Bruno’s accent is as British as it can be, but I can hear a subtle French and Portuguese inflection.
He is a man of many passions and has lived in between England, France, Norway, and Portugal, where his parents moved to after fleeing revolutions in Mozambique and South Africa.
In Norway, during his studies, he fondly recalls getting his skis on after school, where he also felt “a bit like an alien”- as he didn’t know anyone.
And, even for a sun-loving Portuguese migrant, the Scandinavian country had something to offer: a much fairer and transparent perspective on society.
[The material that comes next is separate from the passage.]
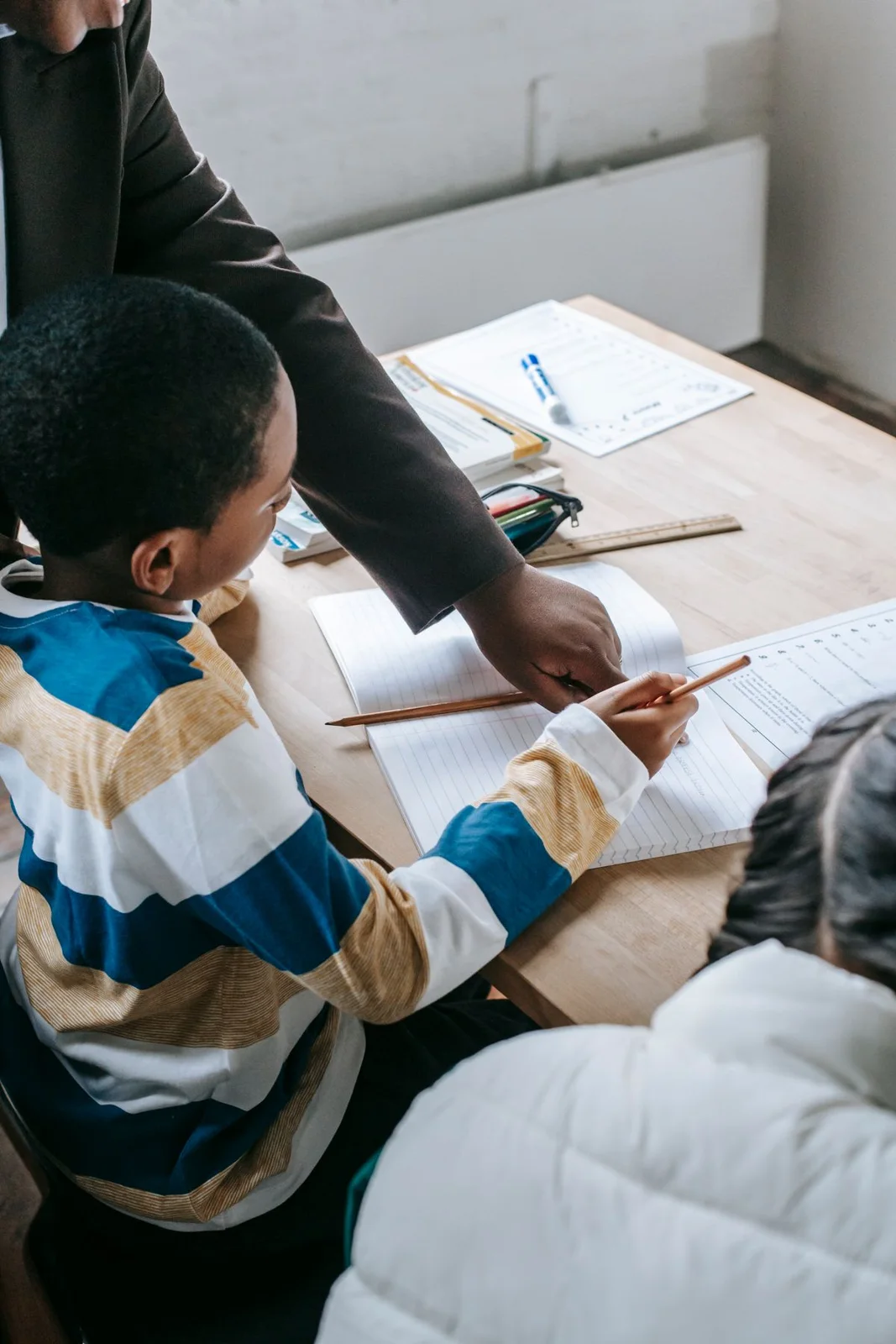Teacher guiding children with written schoolwork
Bruno specifically mentioned an unusual dilemma: “Norway’s heated debate then was on how to pass electrical cables from one side of the country to the other, to make sure it wouldn’t aesthetically damage the fiords.
“To me, this was incredibly positive, in a time where back home [in Portugal] the government was figuring out how to pay the teachers’ salaries the next day.”
Later on, Bruno’s biggest challenge was to find “meaningful work” and a cause he “deeply cared about.”, he told me.
Because of his interest in new businesses and the startup world, he moved to London to find roots in an international playground.
He organised events and was even a mentor at Google startups where “lots of people are trying to crack wicked problems.”. He settled at Monzo, a bank revolutionising the industry, and where he always dreamed to be.
“A shared past still matters. When you are sharing a house, a living room with others, you have little references. The battles you had previously fought, you have to fight them again,” he concluded.